Au bout de la ligne 13 du métro, le bâtiment A de l’université Paris 8-Saint Denis qui est en effet devenu le lieu de pèlerinage des militant·e·s solidaires des exilé·e·s. « Des papiers et du logement pour tous, bienvenue aux réfugiés ! », lit-on, en arabe, sur l’une des banderoles qui ornent l’édifice. Les murs sont décorés de slogans et de dessins, laissant exploser la créativité des exilé·e·s accueilli·e·s et de leurs camarades étudiant·e·s. Si leur avenir est encore incertain, à la veille de la fermeture estivale de l’université, l’accomplissement ne peut que forcer le respect : depuis cinq mois, près de 150 exilé·e·s qui se trouvaient dans les camps du nord de la capitale bénéficient d’un toit, de nourriture et de conditions de vie décentes. Non seulement ils ont pu échapper à la vague de froid, mais ils ont également pu se réunir, s’organiser et porter leurs revendications. Car ce n’est pas seulement l’efficacité de l’accueil que les étudiant·e·s des autres établissements saluent à Paris 8, mais également la démarche : ici, les étudiants « n’aident pas » les exilés : « On lutte ensemble contre un État raciste ! ». Ces derniers sont en effet présents aux réunions qui ont lieu plusieurs fois par semaine, et la traduction – en cinq langues – est à chaque fois assurée.

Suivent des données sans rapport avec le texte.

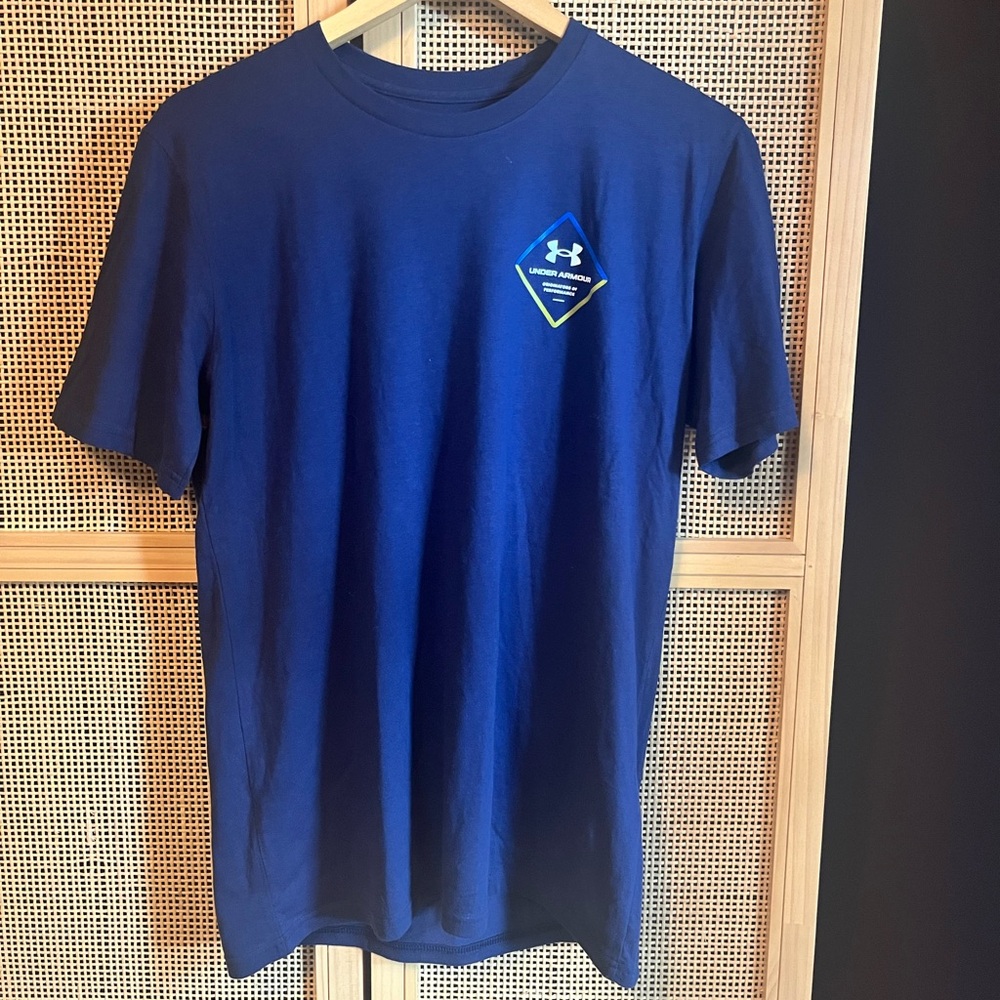 Under Armour Men’s M T-Shirt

De même, lors de la conférence de presse organisée le 12 juin en prévision d’une évacuation éventuelle, où des représentants des étudiant·e·s mobilisé·e·s de Paris 8 ont fait le bilan de la situation avant de céder la parole et la place exclusivement aux représentants des exilé·e·s, qui ont rappelé leurs revendications et répondu aux questions des journalistes.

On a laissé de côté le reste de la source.